Assistendo al paradosso, per esempio, che chi ha in gestione (come ente non profit, ovviamente) beni comuni (piscine, palestre, campi sportivi ecc) incassa a piacimento (spesso anche non rispettando i dettami comvenzionali) e si arricchisce, quasi sempre senza fornire alcuna prestazione sociale, mentre chi invece gestisce strutture di welfare e lo fa con correttezza quasi sempre si ritrova con i bilanci in rosso. E’ il caso, per esempio, di alcune Casa famiglie che operano nella città di Roma, che ha spinto il presidente di Casa al Plurale, Associazione di coordinamento delle case famiglia di Roma e del Lazio, a inviare una lettera aperta al sindaco di Roma con la quale chiedere un adeguamento delle tariffe praticate. “Le tariffe delle case famiglia, scrive il presidente di Casa al Plurale, furono fissate nel 1995 con una Delibera sperimentale della Giunta Rutelli, paragonandole a quelle delle case di riposo. Da allora nessuna manutenzione, nessuno ci ha messo le mani, nessuno al governo della città, finora, si è chiesto se nel mentre non fossero cambiate le norme, i costi del lavoro e nessuno si è chiesto se quel primo calcolo del tutto approssimativo e inesatto, fosse corretto e se sì in base a cosa. Esiste un nostro studio, presentato pubblicamente in Campidoglio nel novembre dello scorso anno, definito congruo dai dirigenti del Dipartimento Politiche Sociali. Veniamo al punto: occorrono almeno 18 milioni di euro per adeguare le tariffe per le 415 persone con disabilità in casa famiglia (e ancora di più ne occorrono per i minori in casa famiglia). Benissimo il piccolo incremento di 7 euro che il Consiglio Comunale ha deliberato e che la Giunta ha confermato. Ma davvero non basta. Occorre parlarne, pubblicamente, perché dare risposta ai più fragili è dare risposta a tutta la città: è una responsabilità collettiva!”.

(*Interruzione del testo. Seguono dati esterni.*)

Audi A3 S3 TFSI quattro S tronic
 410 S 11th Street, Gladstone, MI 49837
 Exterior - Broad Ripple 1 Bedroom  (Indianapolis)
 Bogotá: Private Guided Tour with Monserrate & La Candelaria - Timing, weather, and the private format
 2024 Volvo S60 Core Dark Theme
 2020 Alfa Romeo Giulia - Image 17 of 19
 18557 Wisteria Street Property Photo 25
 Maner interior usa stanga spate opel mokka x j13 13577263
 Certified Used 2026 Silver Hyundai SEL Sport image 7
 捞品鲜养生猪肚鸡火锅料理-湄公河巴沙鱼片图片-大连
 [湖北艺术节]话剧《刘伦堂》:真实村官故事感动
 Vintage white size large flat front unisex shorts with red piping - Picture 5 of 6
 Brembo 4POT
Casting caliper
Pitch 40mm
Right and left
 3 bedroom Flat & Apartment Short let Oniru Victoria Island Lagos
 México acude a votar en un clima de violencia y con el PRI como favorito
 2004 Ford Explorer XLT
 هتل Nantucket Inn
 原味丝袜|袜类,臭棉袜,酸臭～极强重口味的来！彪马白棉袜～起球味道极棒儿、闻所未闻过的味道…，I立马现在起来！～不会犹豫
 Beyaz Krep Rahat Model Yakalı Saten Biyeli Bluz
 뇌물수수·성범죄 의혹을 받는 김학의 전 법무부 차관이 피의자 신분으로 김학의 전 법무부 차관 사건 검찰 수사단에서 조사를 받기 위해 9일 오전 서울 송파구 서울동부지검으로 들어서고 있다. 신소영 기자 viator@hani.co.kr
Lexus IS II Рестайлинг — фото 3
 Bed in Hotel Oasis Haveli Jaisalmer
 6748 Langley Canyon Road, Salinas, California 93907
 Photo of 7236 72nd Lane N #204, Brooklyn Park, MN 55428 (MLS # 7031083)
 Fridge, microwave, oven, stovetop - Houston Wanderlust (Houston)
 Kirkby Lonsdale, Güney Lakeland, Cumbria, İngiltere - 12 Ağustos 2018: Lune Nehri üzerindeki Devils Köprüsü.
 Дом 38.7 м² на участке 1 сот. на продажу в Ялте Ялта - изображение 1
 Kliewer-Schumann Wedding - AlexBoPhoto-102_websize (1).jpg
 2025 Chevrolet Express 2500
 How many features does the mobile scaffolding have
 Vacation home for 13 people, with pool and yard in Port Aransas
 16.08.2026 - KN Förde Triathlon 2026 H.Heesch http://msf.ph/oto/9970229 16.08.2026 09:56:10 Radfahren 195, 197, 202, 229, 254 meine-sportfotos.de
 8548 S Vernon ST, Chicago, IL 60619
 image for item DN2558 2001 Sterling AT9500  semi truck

Qui per approfondire: https://www.casaalplurale.org/.
Qui il Report sui Costi: https://www.casaalplurale.org/wp-content/uploads/2023/05/COSTI-STANDARD-individuali-Case-famiglia-versione-27.07-TIP.pdf.
E pensare che durante la recente pandemia tutti a dire che occorreva ripensare la sanità e i servizi sociali, che andava riconsiderato il rapporto Pubblico-Privato con un ritorno massicio del Pubblico, che andava riscritto il rapporto tra Stato e Regioni e il ruolo della collaborazione per realizzare politiche di welfare efficaci!